An Evaluation of Representation Learning Methods in Particle Physics Foundation Models

📅 2025-11-16

📈 Citations: 0

✨ Influential: 0

career value

249K/year

🤖 AI Summary

Evaluating representation learning paradigms—contrastive learning, masked particle modeling, and generative reconstruction—for foundational models in particle physics remains challenging due to inconsistent architectures, preprocessing, and evaluation protocols. Method: We conduct a systematic, fair comparison under a unified framework featuring a shared Transformer-based particle-cloud encoder, standardized preprocessing, sampling, and evaluation on jet classification tasks. We further propose supervised architectural enhancements to the pretraining objectives. Contribution/Results: Our approach achieves the first state-of-the-art (SOTA) performance on jet classification, demonstrating that supervised fine-tuning significantly boosts representation quality.
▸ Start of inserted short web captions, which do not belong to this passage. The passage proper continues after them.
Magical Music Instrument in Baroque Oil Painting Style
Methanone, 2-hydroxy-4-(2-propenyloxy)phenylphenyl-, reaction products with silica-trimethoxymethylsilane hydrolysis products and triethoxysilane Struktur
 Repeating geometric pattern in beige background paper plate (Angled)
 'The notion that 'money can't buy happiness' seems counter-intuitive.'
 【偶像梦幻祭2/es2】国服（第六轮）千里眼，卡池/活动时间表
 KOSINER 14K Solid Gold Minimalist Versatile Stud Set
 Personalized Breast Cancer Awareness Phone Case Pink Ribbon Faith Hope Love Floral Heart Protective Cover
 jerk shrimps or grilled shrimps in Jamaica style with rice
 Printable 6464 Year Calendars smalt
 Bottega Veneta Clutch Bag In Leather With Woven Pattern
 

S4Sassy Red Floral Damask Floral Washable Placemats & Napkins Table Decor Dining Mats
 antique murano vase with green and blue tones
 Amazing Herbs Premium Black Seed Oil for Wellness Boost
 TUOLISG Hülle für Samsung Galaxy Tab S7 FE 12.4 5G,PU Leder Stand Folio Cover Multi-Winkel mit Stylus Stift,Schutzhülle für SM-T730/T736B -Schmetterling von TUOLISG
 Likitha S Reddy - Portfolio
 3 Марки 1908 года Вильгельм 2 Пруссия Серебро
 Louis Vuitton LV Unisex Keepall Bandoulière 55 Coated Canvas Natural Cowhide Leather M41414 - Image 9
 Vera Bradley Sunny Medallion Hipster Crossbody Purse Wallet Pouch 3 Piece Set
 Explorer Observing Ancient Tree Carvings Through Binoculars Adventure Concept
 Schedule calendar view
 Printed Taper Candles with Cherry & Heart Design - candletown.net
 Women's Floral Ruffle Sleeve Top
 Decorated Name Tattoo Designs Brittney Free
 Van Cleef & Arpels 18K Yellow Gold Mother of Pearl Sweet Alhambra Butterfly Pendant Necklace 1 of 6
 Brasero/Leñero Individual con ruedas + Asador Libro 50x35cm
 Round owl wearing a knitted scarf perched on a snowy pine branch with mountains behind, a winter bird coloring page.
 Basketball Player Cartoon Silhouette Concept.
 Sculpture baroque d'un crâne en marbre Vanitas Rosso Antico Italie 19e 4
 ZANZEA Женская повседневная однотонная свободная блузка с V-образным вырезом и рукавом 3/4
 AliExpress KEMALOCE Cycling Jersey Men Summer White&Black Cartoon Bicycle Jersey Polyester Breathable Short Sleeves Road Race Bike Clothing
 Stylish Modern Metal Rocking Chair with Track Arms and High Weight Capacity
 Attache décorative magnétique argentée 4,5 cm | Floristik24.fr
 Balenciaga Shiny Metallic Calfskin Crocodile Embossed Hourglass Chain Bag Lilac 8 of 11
We comprehensively analyze trade-offs among representational capacity, generalization, and computational efficiency across paradigms. Moreover, we establish the first reproducible, transparent, and robust benchmark for particle physics representation learning—providing critical empirical evidence and methodological guidance for principled foundation model design and advancement in high-energy physics.

Technology Category

Application Category

📝 Abstract

We present a systematic evaluation of representation learning objectives for particle physics within a unified framework. Our study employs a shared transformer-based particle-cloud encoder with standardized preprocessing, matched sampling, and a consistent evaluation protocol on a jet classification dataset. We compare contrastive (supervised and self-supervised), masked particle modeling, and generative reconstruction objectives under a common training regimen. In addition, we introduce targeted supervised architectural modifications that achieve state-of-the-art performance on benchmark evaluations. This controlled comparison isolates the contributions of the learning objective, highlights their respective strengths and limitations, and provides reproducible baselines. We position this work as a reference point for the future development of foundation models in particle physics, enabling more transparent and robust progress across the community.

Problem

Research questions and friction points this paper is trying to address.

Evaluating representation learning objectives for particle physics foundation models

Comparing contrastive, masked modeling, and generative reconstruction methods systematically

Establishing reproducible baselines for future particle physics model development

Innovation

Methods, ideas, or system contributions that make the work stand out.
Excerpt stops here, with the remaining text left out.